As of September 2017, there are 14,626 restaurants in Hong Kong. That’s according to the number of licenses handed out by the government based on stats by the Hong Kong government. One can imagine that these food shops range from sidewalk stalls to high-end fine dining restaurants.
But not surprisingly, foreign expats might be disappointed to realize that their favorite pit stops back home are not available in Hong Kong. While Hong Kong offers a variety of dishes that newcomers need to try, who can blame expats for sticking with that familiar taste?
So let’s get that list of restaurants both expats and locals who have tried them abroad would like to have presence in Hong Kong.

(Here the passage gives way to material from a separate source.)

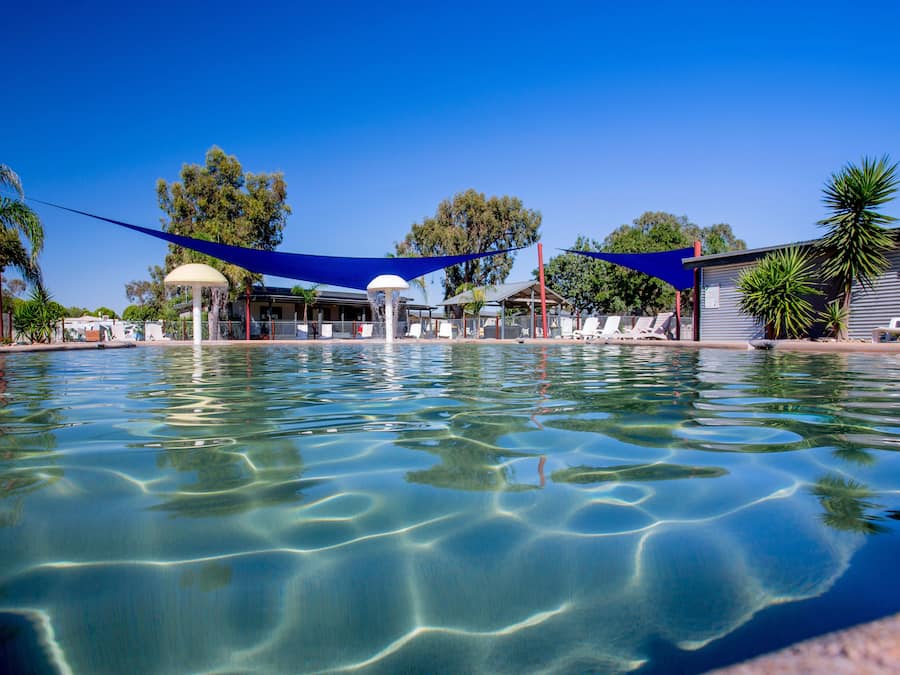 Piscina límpida com toldo azul, espreguiçadeiras e um gazebo.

It’s been more than ten years since Hardee’s served its last meal in Hong Kong. Oh boy, that moment when people flocked to take a glimpse of the last menu handed out on that chilly December night in Central. What customers would probably miss is its curly fries and fried chicken which will probably give Jollibee a run for its money as the best in town.
Do we want Hardee’s return in Hong Kong? Surely we do, but maybe only when someone or something puts an end to crazy rise in shop rental rates — the main reason why Hardee’s has left Hong Kong.
Expats who crave for chicken cooked in another way might have Nando’s on top of the list. To those familiar with this Portuguese can easily marvel the right mix of sauce and spices, timing of marination and perfect amount of charring, hitting the right buttons and produce an exquisite taste of how chicken must be cooked: juicy and tender.
With a variety of Peri-Peri sauces to choose from — mild to extra hot — you’ll be given the option based on tolerance to spicy food. The closest we can get are bottles Nando’s Peri-Peri sauce available at Park N Shop.
We can’t find anything close to Nando’s chicken so we are pretty sure there are legions of followers in Hong Kong hoping and praying Nando’s will finally establish in the city.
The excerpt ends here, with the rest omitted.